UN DROIT DU TRAVAIL TOUJOURS PLUS SOUPLE

Enquête | publié le : 27.11.2012 | STEPHANIE SALTI

Le gouvernement conservateur veut assouplir encore davantage une législation du travail, qui est déjà l’une des plus flexibles en Europe.

Dans un environnement de faible croissance et de chômage encore marqué, le gouvernement de David Cameron entend lever les derniers freins à l’embauche. « Le rapport de forces semble aujourd’hui avoir glissé du côté de l’employeur », explique Richard Fox, associé au sein du cabinet d’avocats Kingsley Napley LLC. Toutefois, si les effets d’annonce n’ont cessé de se multiplier ces derniers mois, le Royaume-Uni, qui a signé le protocole sur le volet social annexé au traité de Maastricht, reste soumis aux règles européennes en matière de droit du travail : « Le gouvernement Cameron n’a donc que des pouvoirs limités et son unique point d’action porte sur le licenciement abusif, qui tombe sous la prérogative des États membres de l’Union européenne », précise Julie Calleux, fondatrice du cabinet britannique EmployEase. Ainsi, depuis une loi du 6 avril 2012, la période d’ancienneté nécessaire pour attaquer en justice son employeur pour des licenciements abusifs a été portée de un à deux ans. « Cette loi ne s’applique que pour les salariés ayant commencé à travailler à partir d’avril 2012 », nuance Julie Calleux.

Fin de la gratuité des actions en justice

D’autres mesures dissuasives vont être introduites à compter de l’été 2013 : les plaignants devront s’acquitter de frais pour assigner leur employeur devant les tribunaux, une action jusqu’à présent gratuite, sauf pour les personnes n’ayant pas ou peu de revenus. « Les personnes qui ont retrouvé du travail n’ont aucun intérêt à attaquer », décrypte Julie Calleux.

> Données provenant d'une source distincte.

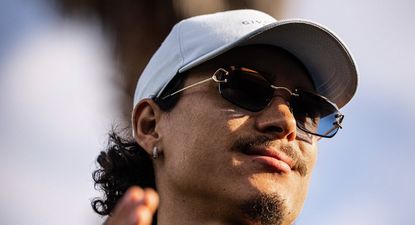 Darwin Núñez al llegar al Complejo de la AUF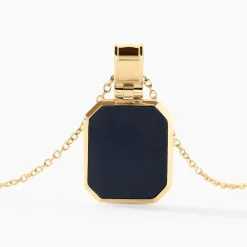 Collier Tertius Or Jaune Onyx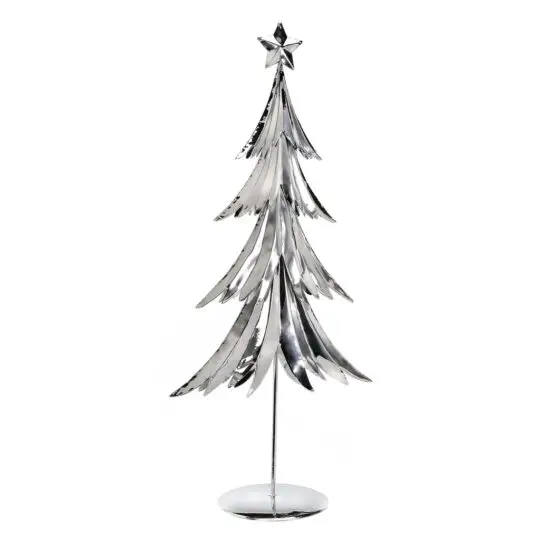 Plated Metal Tree 22.5" - Silver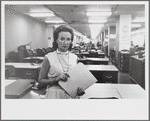Charlotte Curtis in newsroom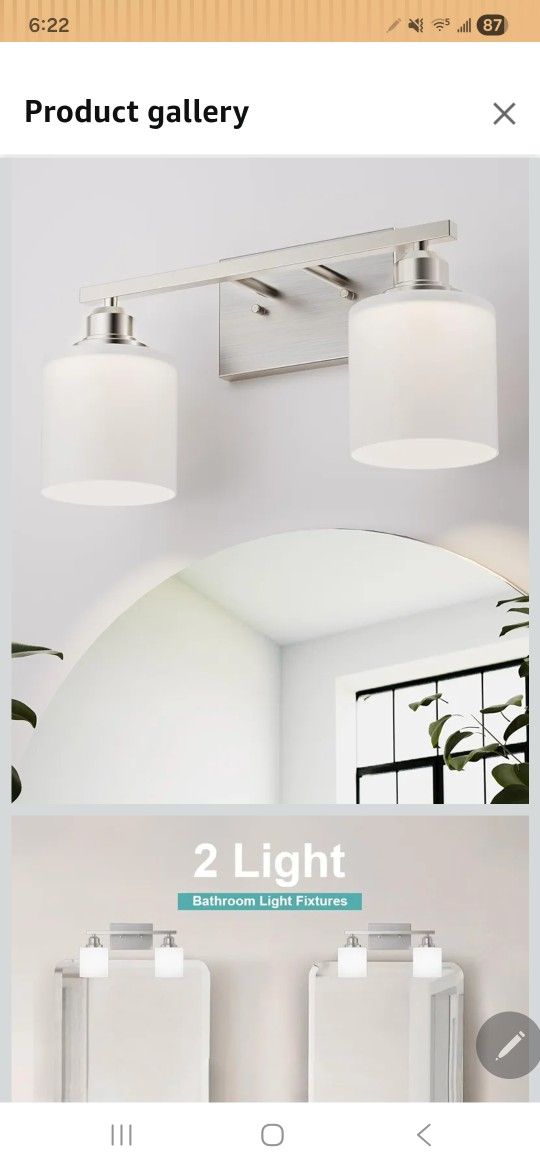 Bathroom Light Fixture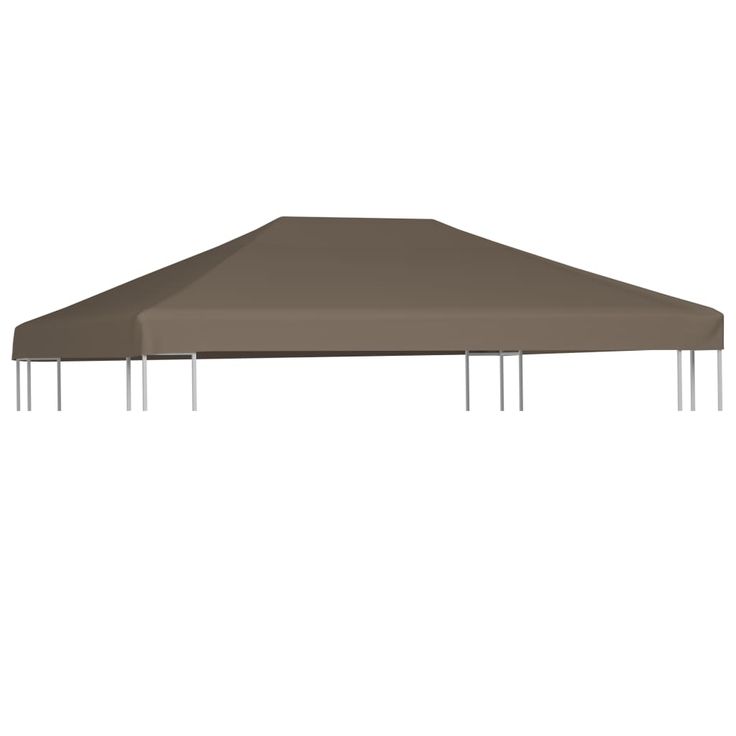 Huvimajan katto 310 g neliömetri 3x3 m harmaanruskea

Baisse du plafond des indemnités

Malgré cela, le gouvernement planche sur de nouvelles mesures d’assouplissement du licenciement. Un temps évoqué, le licenciement minute, qui visait à autoriser un employeur d’une entreprise de moins de 10 salariés à licencier sans justifications, a finalement été abandonné. Mais d’autres fronts restent ouverts. La baisse du plafond des indemnités de licenciement, actuellement établi à 72 300 livres (90 200 euros), est à l’étude : « Nous allons revenir peu ou prou au début de la législature de Tony Blair, au cours de laquelle ce plafond avait été porté de 25 000 à 50 000 livres, puis progressivement augmenté », prévoit Julie Calleux. Une mesure symbolique : en 2011, le montant moyen des indemnités versées tournait autour des 9 000 livres (11 200 euros).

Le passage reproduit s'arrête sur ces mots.